■ **YOUR OBJECTIVE**: Could you copy exactly the lines below from the one with "2 Pack Party" to the one with "Eine durchgehende Linie, die", inclusive, leaving out any pictures?

■ **DATA FOR REVIEW**:
+++++

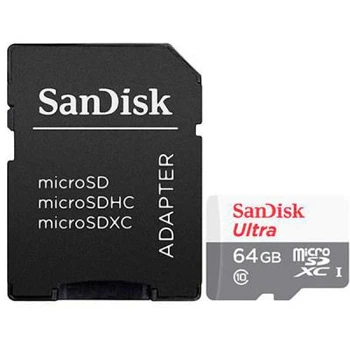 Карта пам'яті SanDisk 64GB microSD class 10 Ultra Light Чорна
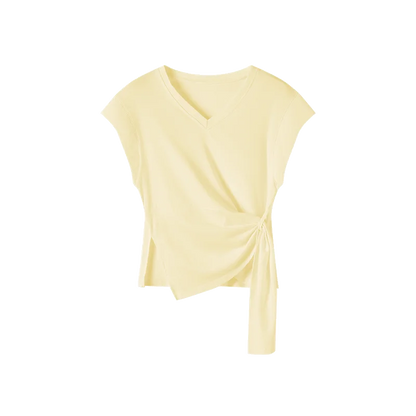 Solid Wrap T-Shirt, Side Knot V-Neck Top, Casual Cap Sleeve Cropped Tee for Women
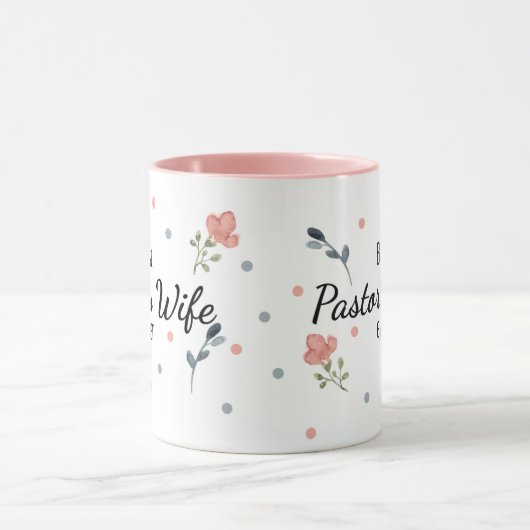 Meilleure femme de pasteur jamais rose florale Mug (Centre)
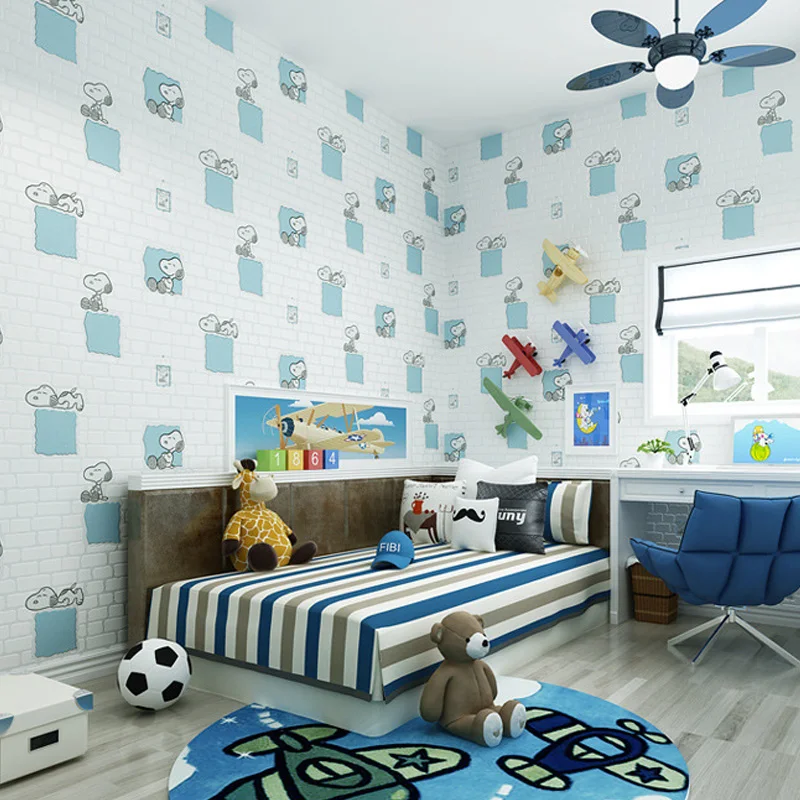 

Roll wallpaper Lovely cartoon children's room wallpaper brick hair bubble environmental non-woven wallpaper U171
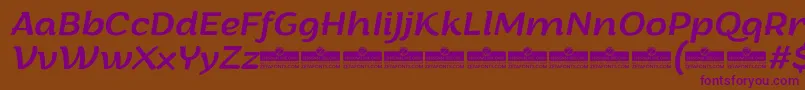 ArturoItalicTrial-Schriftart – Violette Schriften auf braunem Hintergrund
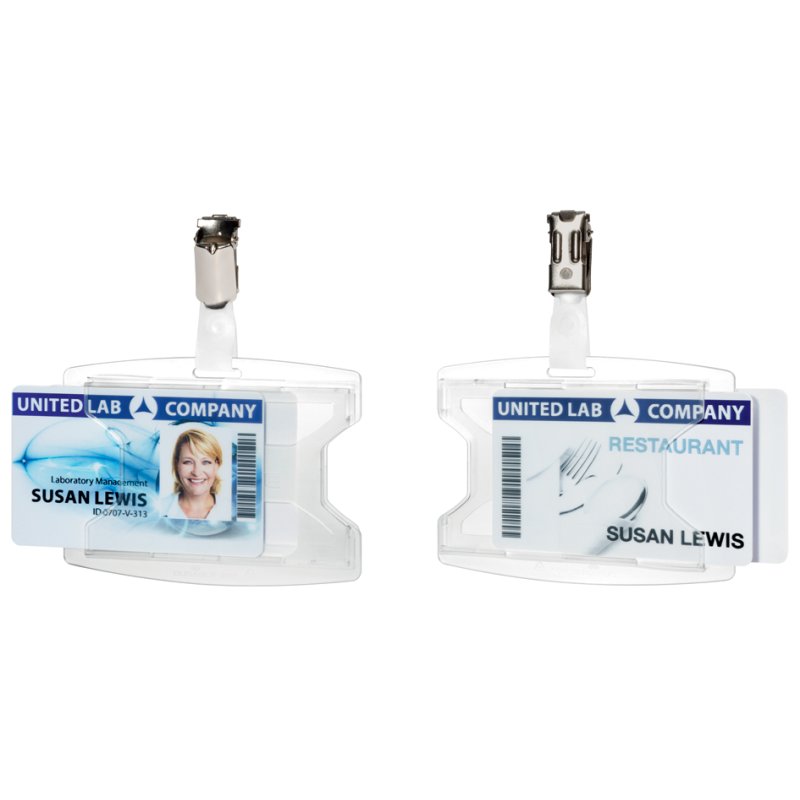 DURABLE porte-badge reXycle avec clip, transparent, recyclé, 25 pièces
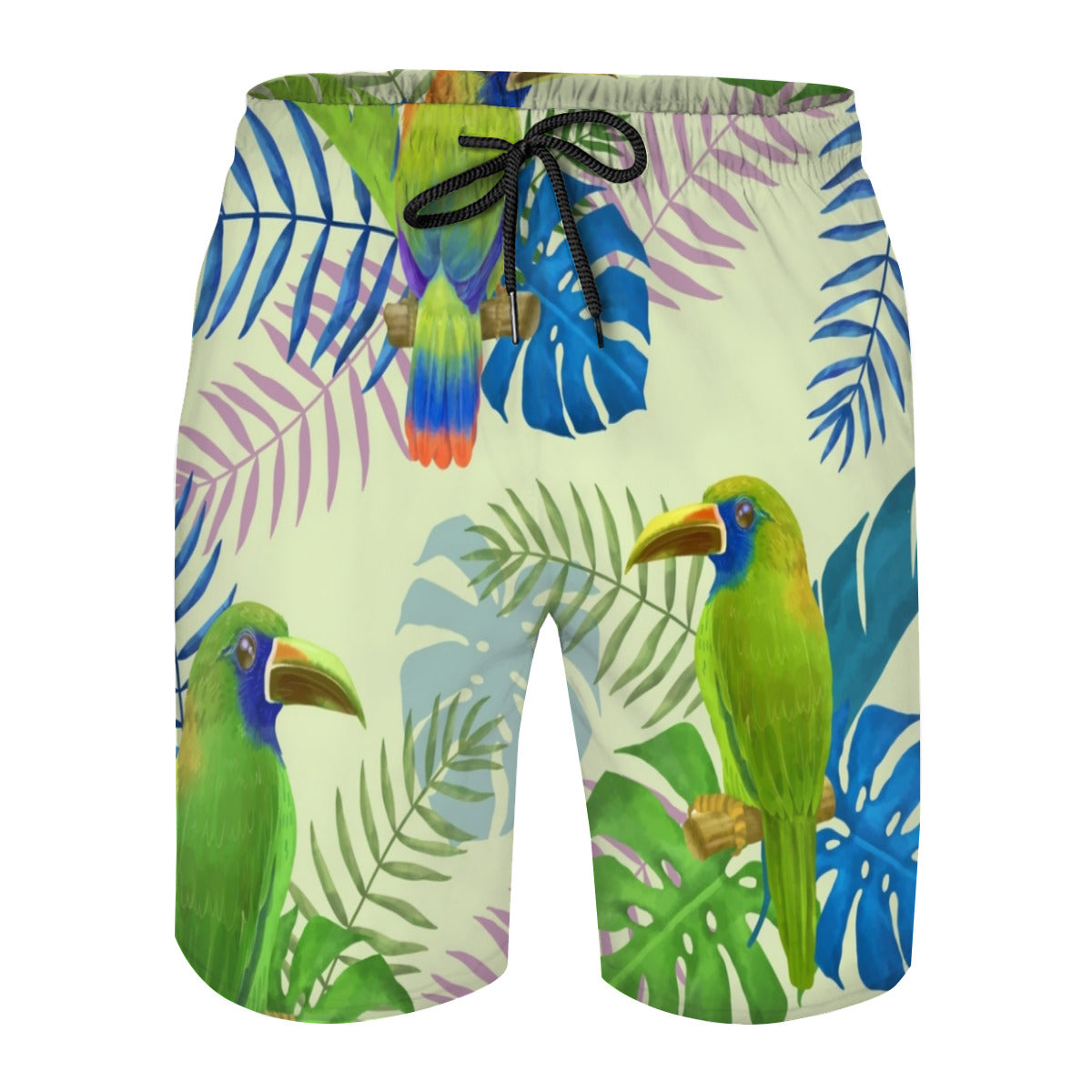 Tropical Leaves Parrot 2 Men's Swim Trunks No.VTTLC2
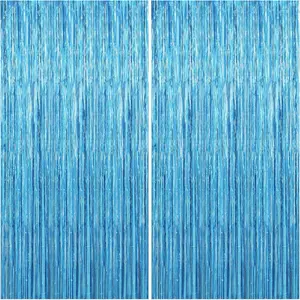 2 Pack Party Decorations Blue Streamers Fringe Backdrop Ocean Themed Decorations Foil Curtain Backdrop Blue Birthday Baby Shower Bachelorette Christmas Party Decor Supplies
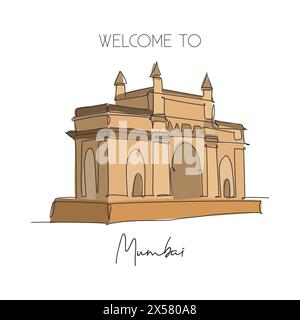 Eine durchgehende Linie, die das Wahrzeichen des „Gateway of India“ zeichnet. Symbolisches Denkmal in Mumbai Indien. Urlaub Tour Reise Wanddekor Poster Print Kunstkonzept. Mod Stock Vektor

+++++

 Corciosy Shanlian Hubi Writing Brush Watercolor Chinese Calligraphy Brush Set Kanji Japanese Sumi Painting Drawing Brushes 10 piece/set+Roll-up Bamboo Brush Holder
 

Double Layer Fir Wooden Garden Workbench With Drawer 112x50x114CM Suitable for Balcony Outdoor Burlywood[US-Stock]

+++++

■ **EXERCISE OUTPUT**:
 2 Pack Party Decorations Blue Streamers Fringe Backdrop Ocean Themed Decorations Foil Curtain Backdrop Blue Birthday Baby Shower Bachelorette Christmas Party Decor Supplies
 Eine durchgehende Linie, die das Wahrzeichen des „Gateway of India“ zeichnet. Symbolisches Denkmal in Mumbai Indien. Urlaub Tour Reise Wanddekor Poster Print Kunstkonzept. Mod Stock Vektor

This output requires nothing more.